It is a good time then to look at each of the Republican candidates for president and their attitudes towards Israel. Three caveats are in order. First, I am among those who believe that the Israel factor should not be the sole determinant of a person’s voting patterns. It goes without saying that an anti-Israel candidate could never win my vote. Nonetheless, if a candidate rated 90% support (however that is measured) and another candidate measured 80% support, it is not unreasonable to examine his/her positions on other issues. This is especially so since those other issues will tend to influence their dealings with Israel.
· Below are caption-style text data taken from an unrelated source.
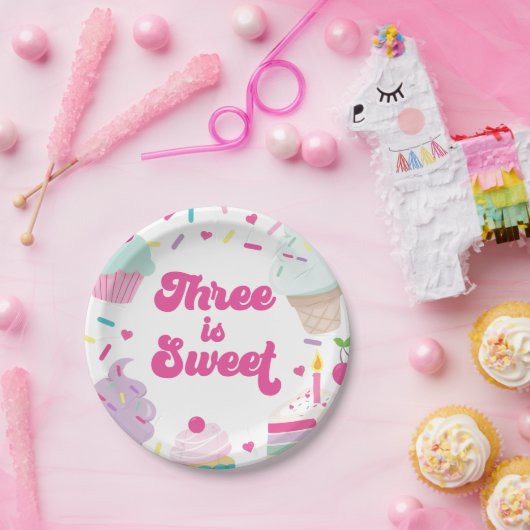 アイスクリームとケーキ3は甘い3歳の誕生日 ペーパープレート (パーティー)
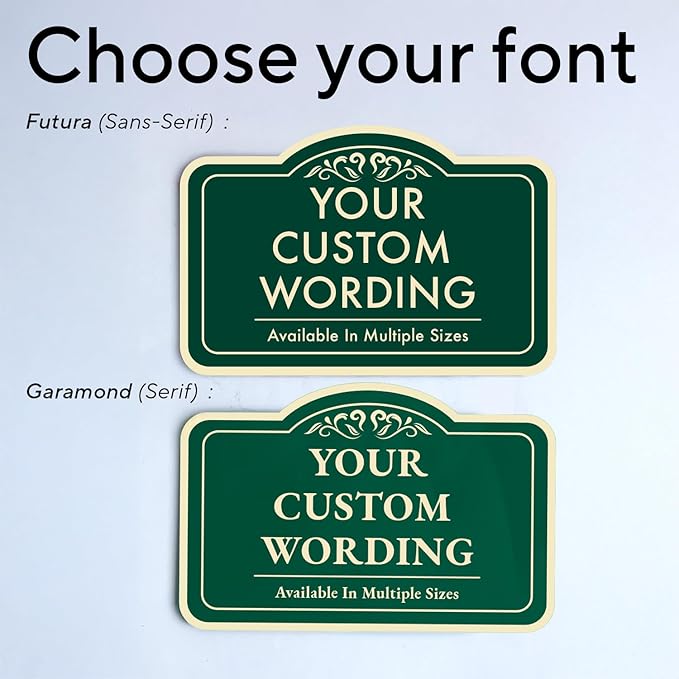 Custom Decorative Outdoor Metal Sign - Personalized Aluminum Driveway Sign, Waterproof, Made In USA - Design 1 Forest Green 42x28 In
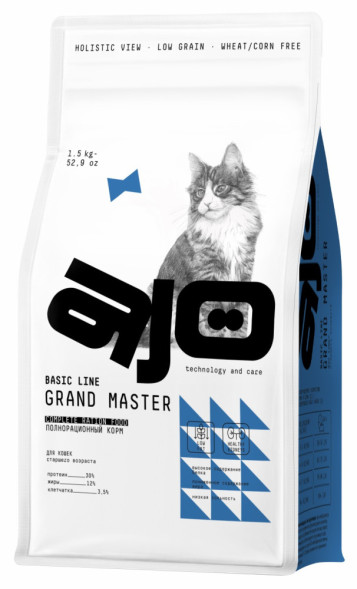 AJO Cat Grand Master сухой корм для пожилых кошек, для профилактики мочекаменной болезни, с курицей - 1,5 кг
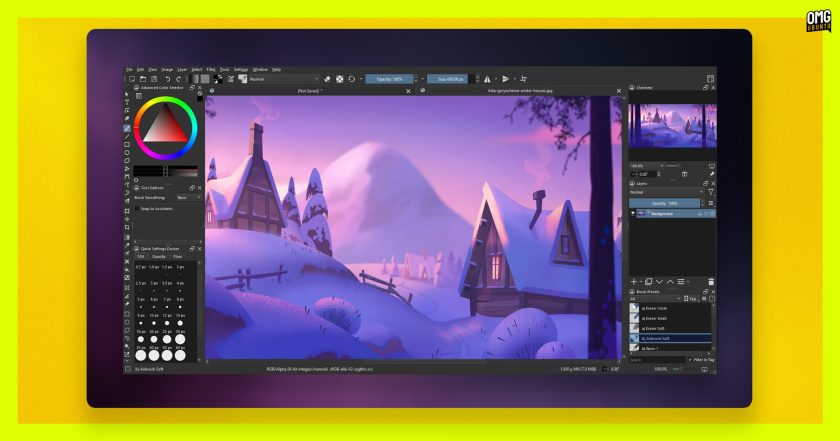 Krita drawing app user interface.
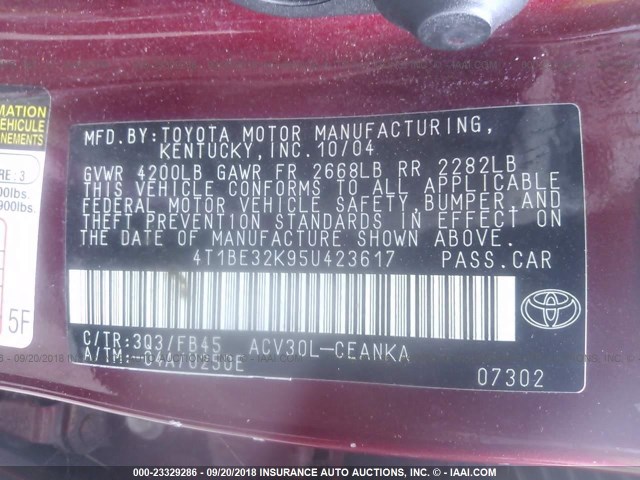 4T1BE32K95U423617 - 2005 TOYOTA CAMRY LE/XLE/SE 红色 照片 9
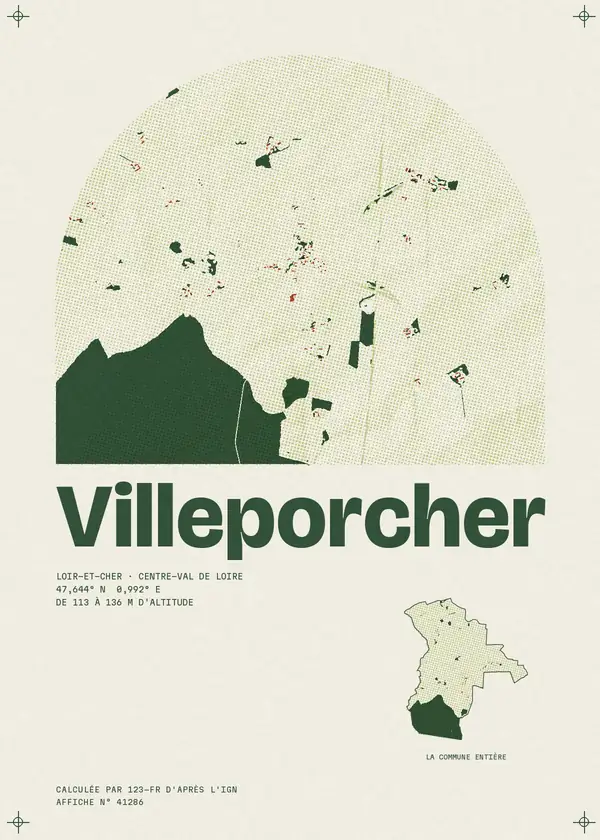 Affiche de Villeporcher, calculée par 123-fr d'après l'IGN
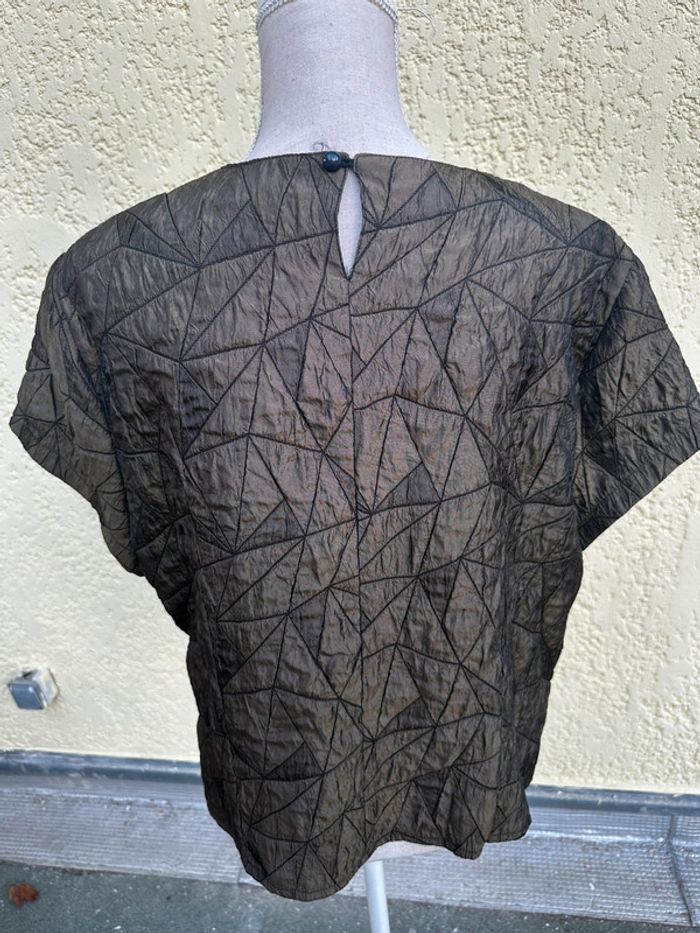 🌿 T-shirt kaki/marron – Détails graphiques & épaulettes – Taille M - photo numéro 7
Second, it cannot be underscored enough that, fortunately, Israel is not a major issue in this campaign, or, for that matter, in the world today. An analysis published last week of the anticipated global hot spots in 2016 did not even mention Israel. Israel would benefit inordinately from the benign neglect of American diplomacy, which would certainly be an improvement over the hostile American diplomacy of the Obama-Clinton-Kerry era and also allow Israel – if it can summon the will – to take the elementary and effective security measures needed to stem the rising tide of Arab terror.

Third, any of the Republican candidates – and I mean any – would be an improvement over the current occupants of the White House and Foggy Bottom. Like many erstwhile American allies, Israel has been treated by the Obama administration more like a nuisance and an irritant than as a friend and ally. Of course, it hasn’t been completely negative; that can never be given Israel’s strong support in Congress and with the American people. But Obama has been an annoyance to Israel since the beginning of his tenure, and that is manifest not only through the strengthening of Israel’s enemies (Iran’s nuclear bomb is at the top of that list, along with US support for the Muslim Brotherhood) but also through PM Netanyahu’s persistent fear of taking the initiative against Arab terror and changing the dynamic of the conflict, both in order to avoid provoking Obama.

None of the Republican candidates bear that animus, or at least that ill-concealed contempt for Israel and its leaders that Obama and his acolytes have had, and that Obama spent 20 years listening to his pastor’s sermons.

That being said, the Republican candidates on Israel break down into three different categories: superstars, establishment and ciphers.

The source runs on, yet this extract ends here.